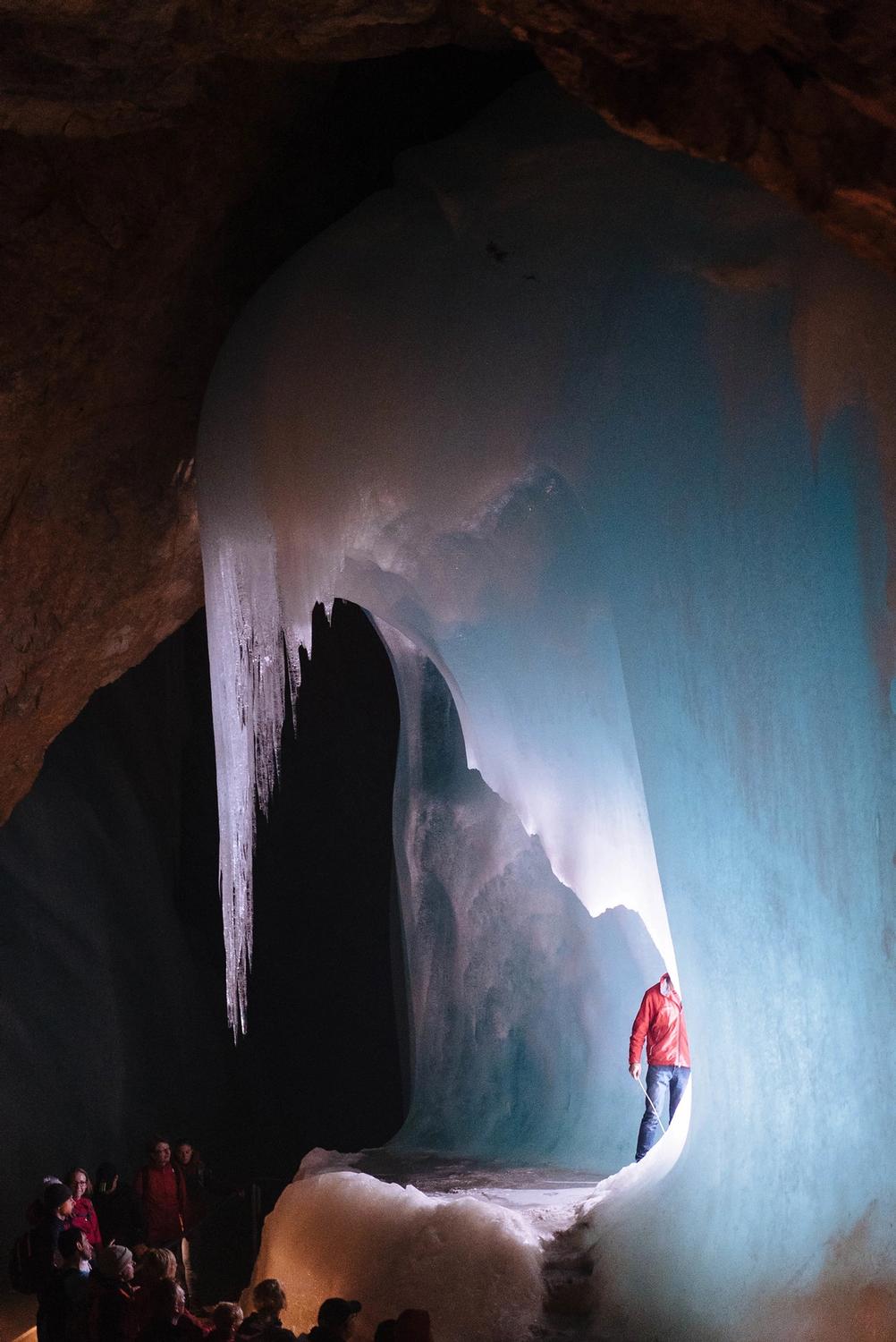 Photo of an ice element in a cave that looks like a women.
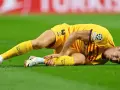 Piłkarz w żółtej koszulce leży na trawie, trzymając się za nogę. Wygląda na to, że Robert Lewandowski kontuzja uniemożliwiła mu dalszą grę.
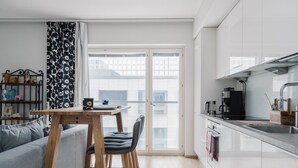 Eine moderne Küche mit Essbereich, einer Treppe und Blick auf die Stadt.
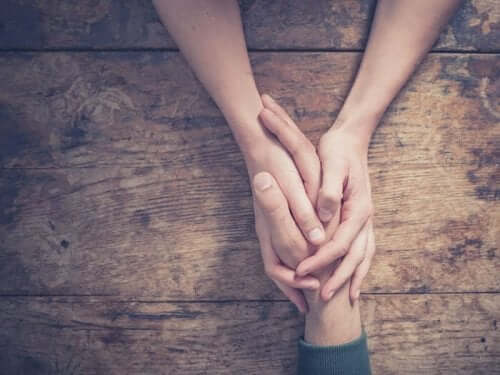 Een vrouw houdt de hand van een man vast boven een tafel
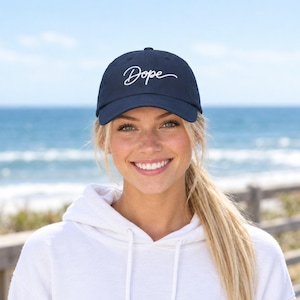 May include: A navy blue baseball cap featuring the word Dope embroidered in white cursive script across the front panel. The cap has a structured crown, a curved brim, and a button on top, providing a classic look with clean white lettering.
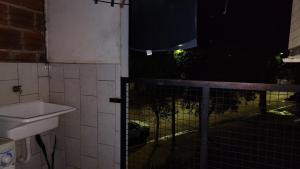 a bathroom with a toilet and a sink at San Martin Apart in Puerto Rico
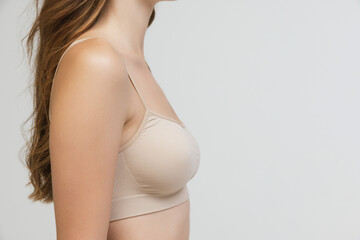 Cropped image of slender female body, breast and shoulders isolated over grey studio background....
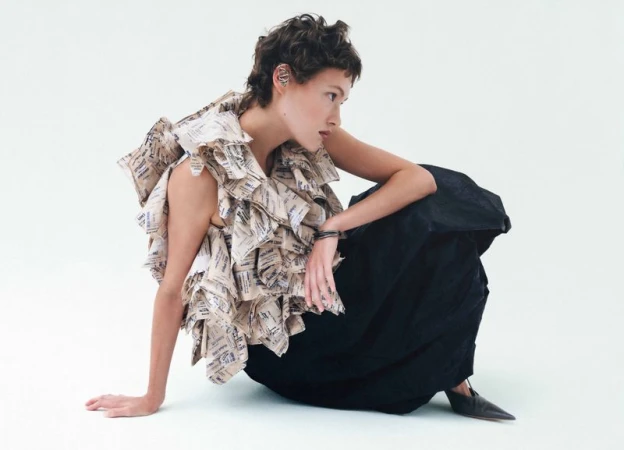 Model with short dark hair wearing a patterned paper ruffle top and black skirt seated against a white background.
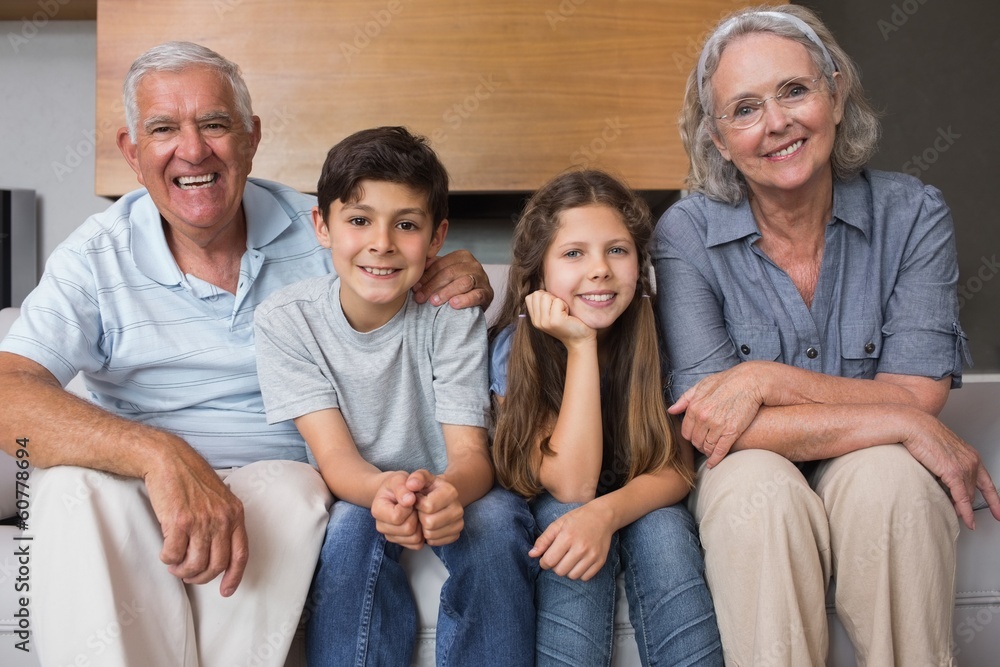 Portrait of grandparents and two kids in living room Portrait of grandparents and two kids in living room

* * *

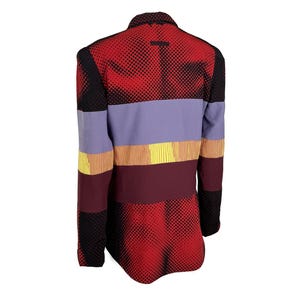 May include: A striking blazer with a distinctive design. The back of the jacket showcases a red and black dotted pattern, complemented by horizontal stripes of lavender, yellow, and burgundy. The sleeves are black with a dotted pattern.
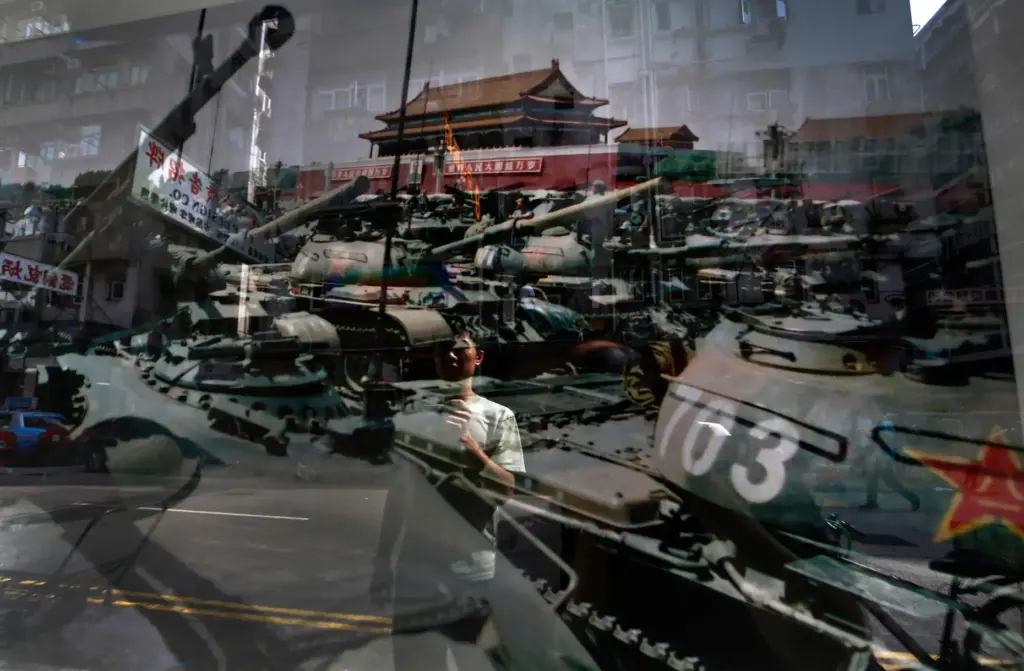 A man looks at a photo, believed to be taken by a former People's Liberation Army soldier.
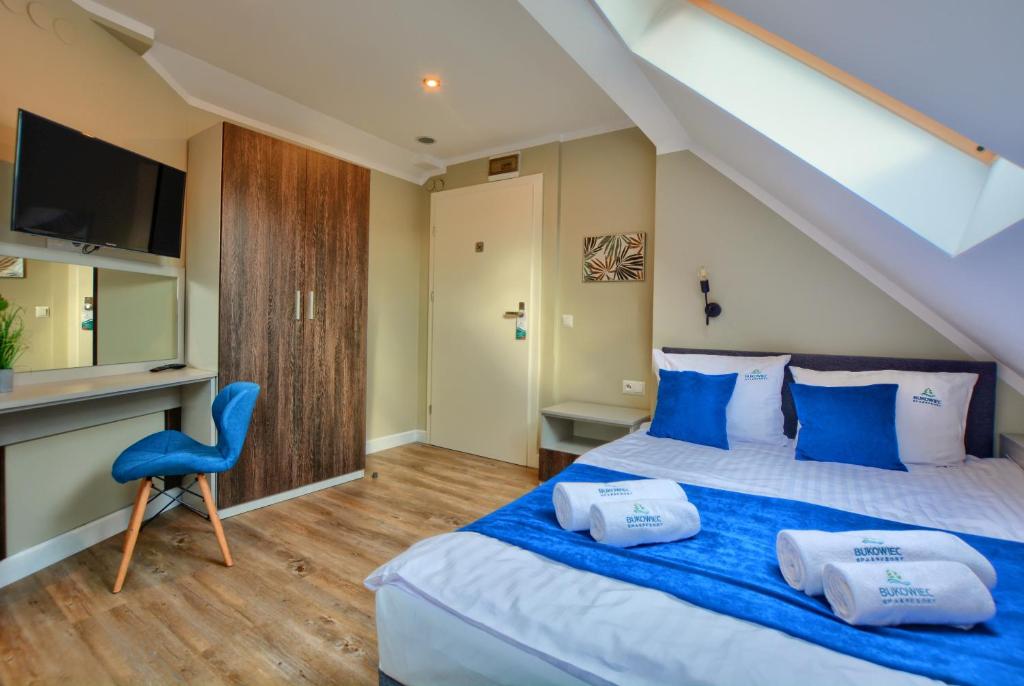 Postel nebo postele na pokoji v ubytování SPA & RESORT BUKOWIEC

* * *

=== Task goal ===
Give back, exactly and without pictures, the stretch of the records above from the line containing "Model with short" through the line containing "Portrait of grandparents and two kids in living room Portrait", with both end lines included.

=== Result of this task ===
 Model with short dark hair wearing a patterned paper ruffle top and black skirt seated against a white background.
 Portrait of grandparents and two kids in living room Portrait of grandparents and two kids in living room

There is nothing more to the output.